Presque toute la musique de Berlioz est conçue dans un esprit dramatique ; mais l’indifférence du public à l’égard de son œuvre théâtrale, après l’échec de Benvenuto Cellini, lui barra l’accès à une forme musicale vers laquelle ses dons le portaient naturellement : lorsque, après la Damnation de Faust (1846) et Béatrice et Bénédict (1862), il entreprit de faire représenter les Troyens dans la forme originale, il réussit seulement à faire jouer la seconde partie de ce diptyque, les Troyens à Carthage (1863), et mourut sans avoir assisté à la représentation complète de son chef-d’œuvre.
L’œuvre
Tiré des truculents Mémoires de Cellini, l’opéra de Berlioz apparaît aujourd’hui comme un magnifique essai manqué : le compositeur, en effet, tente d’adapter ses conceptions de musique représentative – réalisés avec succès dans la Symphonie fantastique, par exemple – à celles de l’opéra classique de son temps. Mais l’audacieux Berlioz demeure prisonnier de ses modèles : il lui faut plaire, et son opéra emprunte autant à Gluck qu’à Spontini, voire à Rossini et à Meyerbeer ; d’où le disparate du langage où par exemple, des airs aux vocalises conventionnelles voisinent avec d’autres, d’un lyrisme sobre ; où des récitatifs tragiques succèdent au tourbillon du Carnaval ; où la Rome de la Renaissance n’est évoquée que par touches pittoresques mêlées au style de l’opéra traditionnel : Berlioz « fait de l’illustration là où Shakespeare, Wagner ou Verdi créeraient un climat » (J. Lonchampt).

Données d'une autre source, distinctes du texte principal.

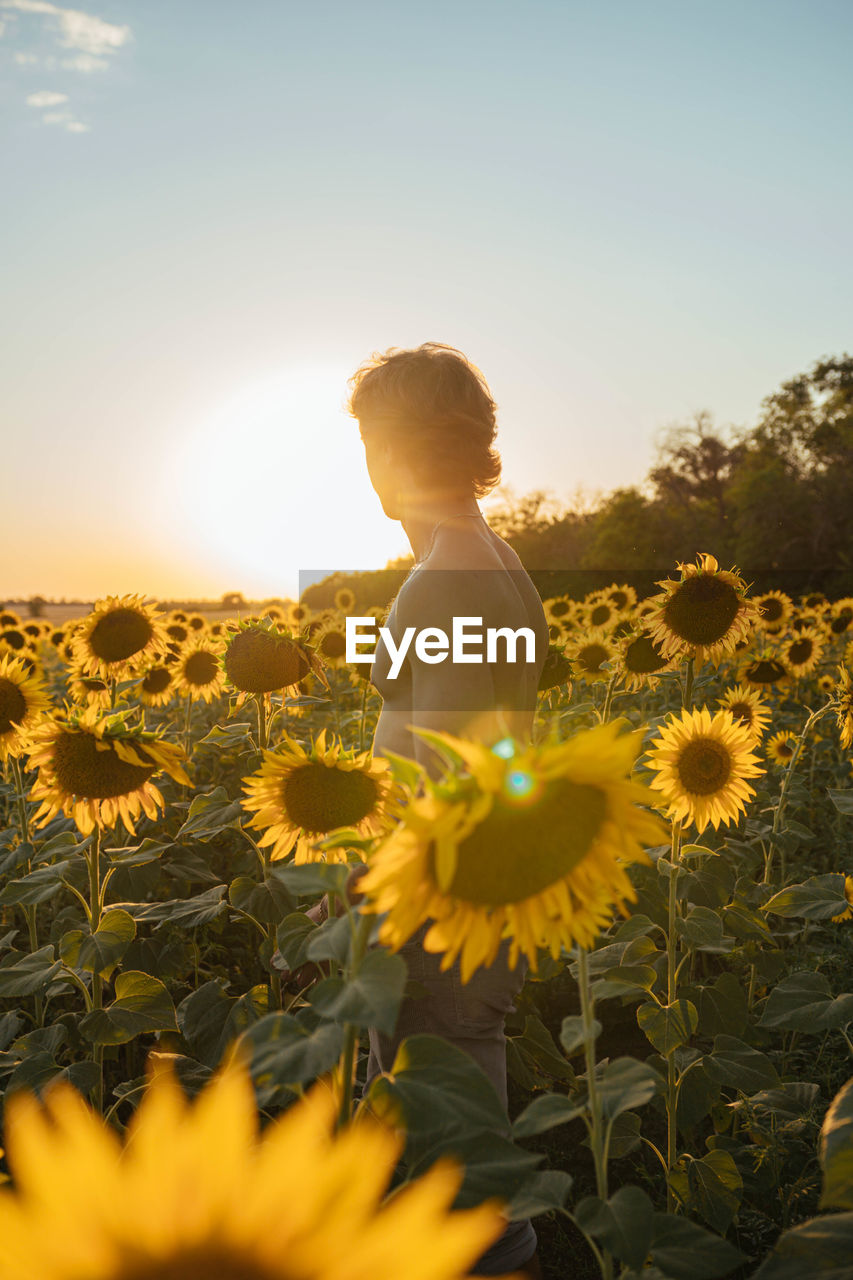 Rear view of woman standing amidst flowers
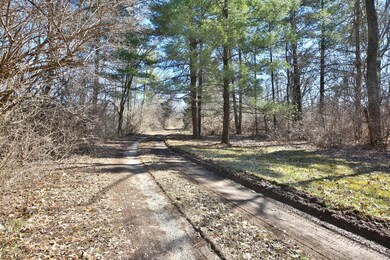 Wooded Grounds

Cependant, les réussites de détails abondent dans cette partie brouillonne, maladroite, mais extraordinairement vivante et gaie : il suffit de citer le tableau du Carnaval, dont on remarque la verve rythmique et l’orchestration étincelante, ou l’air de Cellini, en forme de très bel andante, au dernier acte de l’ouvrage… Œuvre hybride et luxuriante, où éclate un mouvement incessant, qu’on ne retrouvera plus dans les opéras de la maturité. Pour faire entendre au concert ce qui avait été refusé à l’Opéra, Berlioz a composé en 1844 une seconde ouverture à son ouvrage, intitulée Carnaval romain : il reprend presque textuellement le duo du premier acte entre Cellini et Teresa et le grand chœur du Carnaval ; pièce orchestrale où le génie de l’instrumentation et l’exceptionnel instinct rythmique du musicien triomphent.
Discographie
Un enregistrement intégral possible.
N. Gedda (Cellini), C. Eda-Pierre (Teresa), J. Berbié (Ascanio), J. Bastin (Balducci), R. Massard (Fieramosca), Orch. Symp. BBC, dir. C. Davis (4 disques, Philips).